Dysarthria is seen in PSP, corticobasal degeneration, disorders affecting the cerebellum, and stroke.
Hypophonia (soft voice) occurs in dementia with Lewy bodies and PSP.
Motor exam
Myoclonus is seen in dementia with Lewy bodies, CJD, corticobasal degeneration, limbic encephalopathy, Hashimoto encephalopathy, and hypoxic injury.
Hemiparesis or hemiplegia and hemisensory loss are most often seen in vascular dementia (stroke patients). Focal weakness occurs in traumatic brain injury if the resulting lesion (hematoma) impinges upon the corticospinal tracts. Signs of stroke might also be seen in neurosyphilis.

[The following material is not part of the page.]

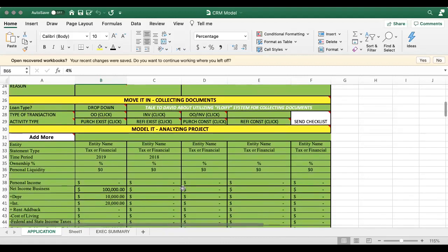If you proceed, now this is really the time to start collecting documents. That's the part of our process in the phase one where you are now going to send a checklist to the individual borrower or borrowers. And so you have to ask yourself the question, how do we do this or what do we send out?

Parkinsonism (e.g., bradykinesia, rigidity, masked facies, tremor, stooped posture, gait disturbances) is found in a variety of neurodegenerative diseases, including dementia with Lewy bodies, CJD, PSP, and corticobasal degeneration.
Limb dystonia, mirror movements, and alien limb phenomenon are seen in corticobasal syndrome, which is often due to corticobasal degeneration or Alzheimer disease, and CJD.[7]
Sensory exam
Peripheral neuropathy might be present in hypothyroidism and associated with Wernicke-Korsakoff syndrome.
Numbness or sensory loss may be noted in stroke patients.
Patients with vitamin B12 deficiency might have predominant posterior column signs of decreased vibration and proprioception in addition to their cognitive complaints. Lower extremity numbness may also be seen.
Cortical sensory deficits (e.g., astereognosis, agraphesthesia, extinction to double simultaneous stimuli) are seen with corticobasal degeneration, corticobasal syndrome, and advanced AD.
Reflexes
Frontal release signs (e.g., grasp, palmomentalis, rooting) are completely nonspecific for any particular disorder but are seen in general encephalopathies; only the grasp has localizing value to the frontal lobes.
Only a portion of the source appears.